» **Goal of the exercise**: The expected answer is the data below, printed verbatim without its pictures.

» **Given material**:
···
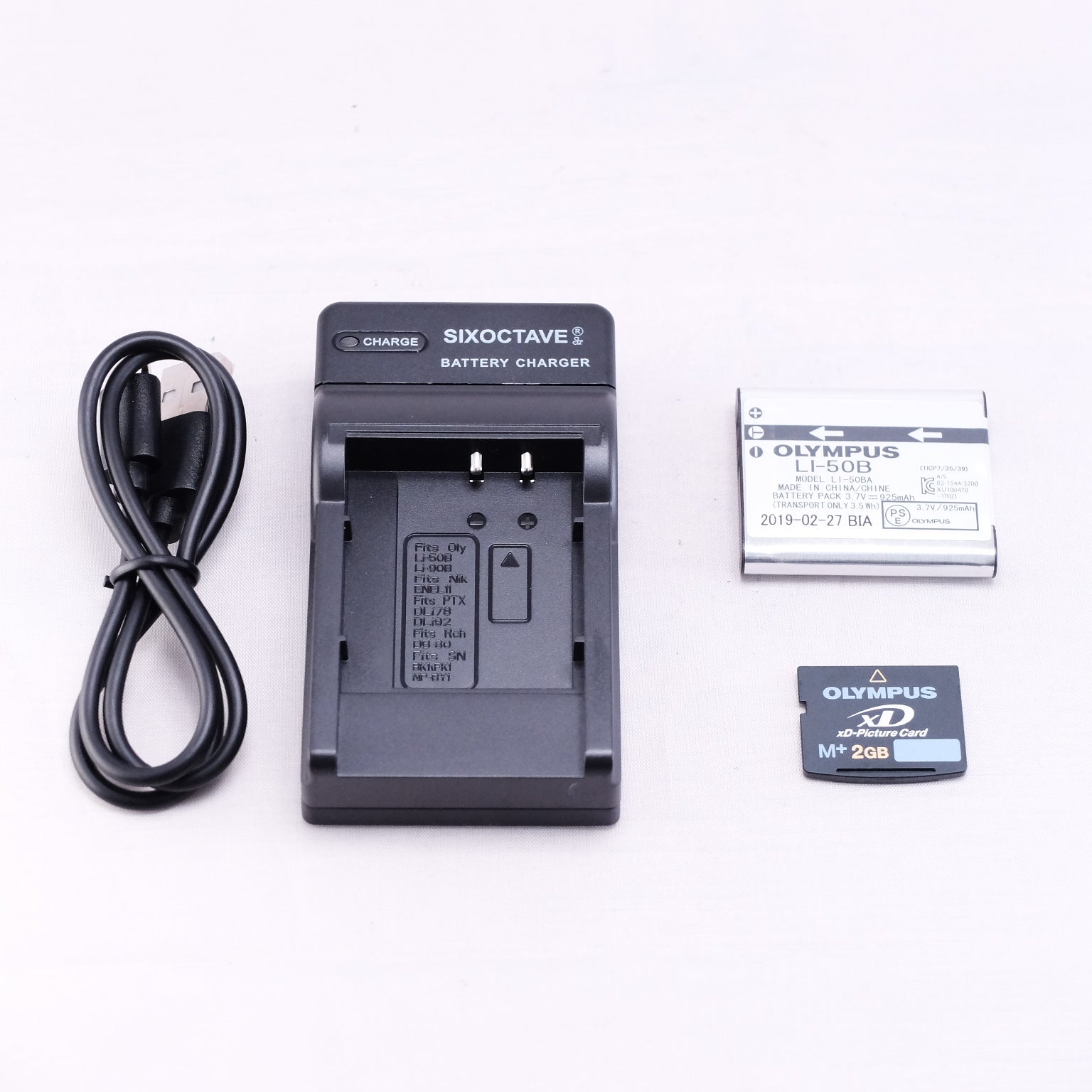 OLYMPUS μ TOUGH-6000（メモリーカード&バッテリー/充電器付き）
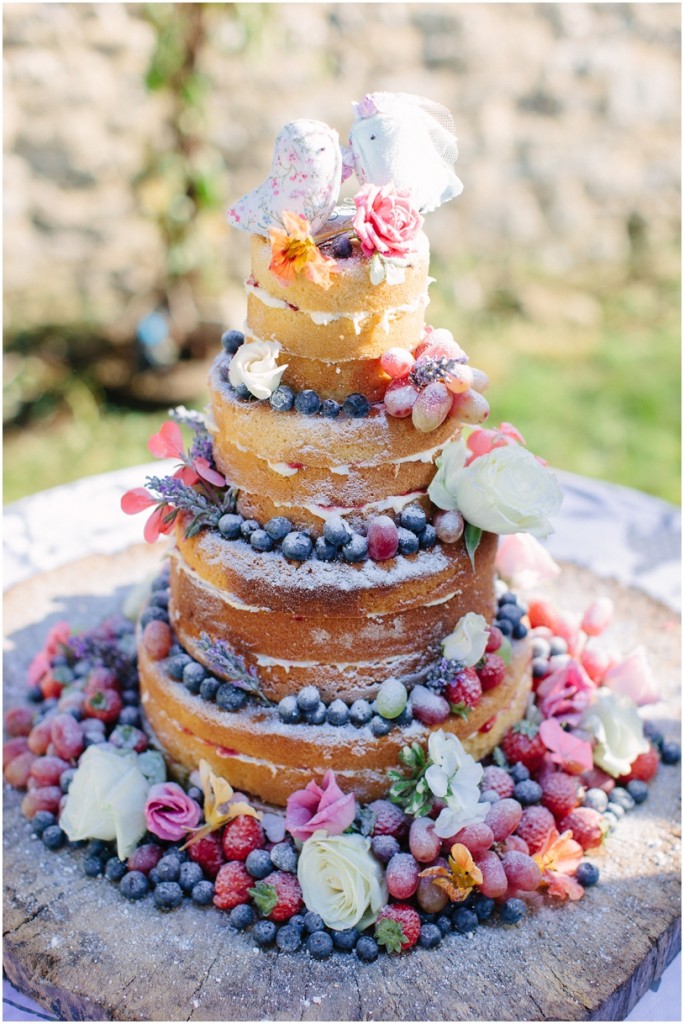 Naked-wedding-cake-victoria-sponge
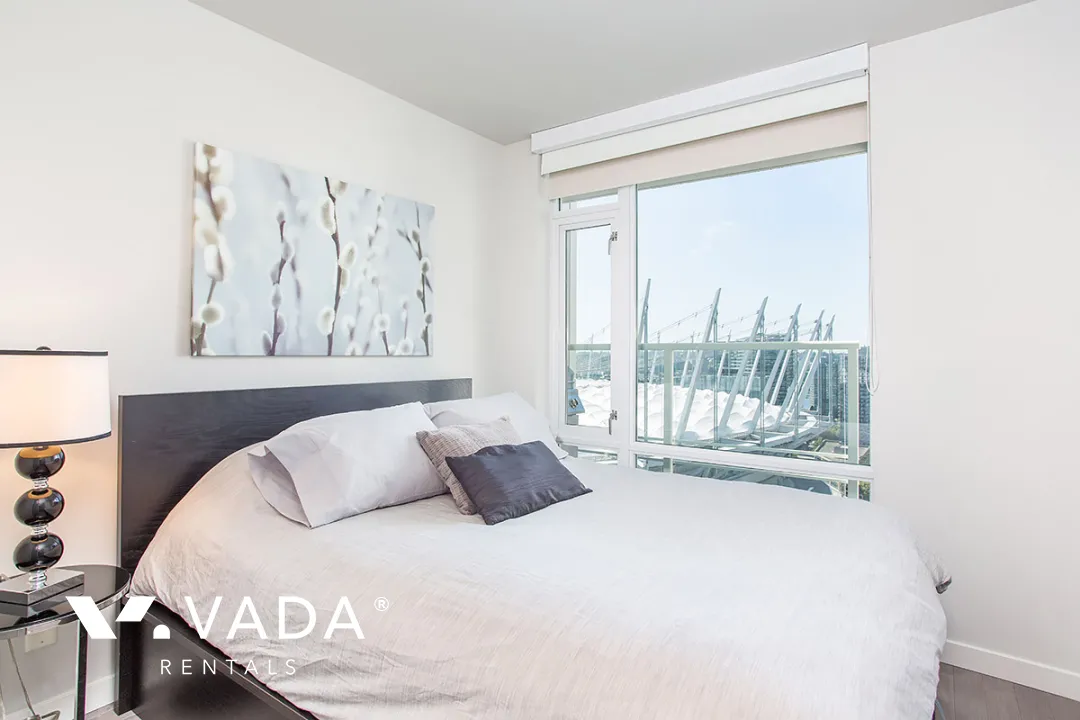 Cosmo in Downtown - 1 Bedroom Apartment For Rent in Vancouver at 2507 - 161 West Georgia Street, Vancouver, BC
···
» **Task response**:
 OLYMPUS μ TOUGH-6000（メモリーカード&バッテリー/充電器付き）
 Naked-wedding-cake-victoria-sponge
 Cosmo in Downtown - 1 Bedroom Apartment For Rent in Vancouver at 2507 - 161 West Georgia Street, Vancouver, BC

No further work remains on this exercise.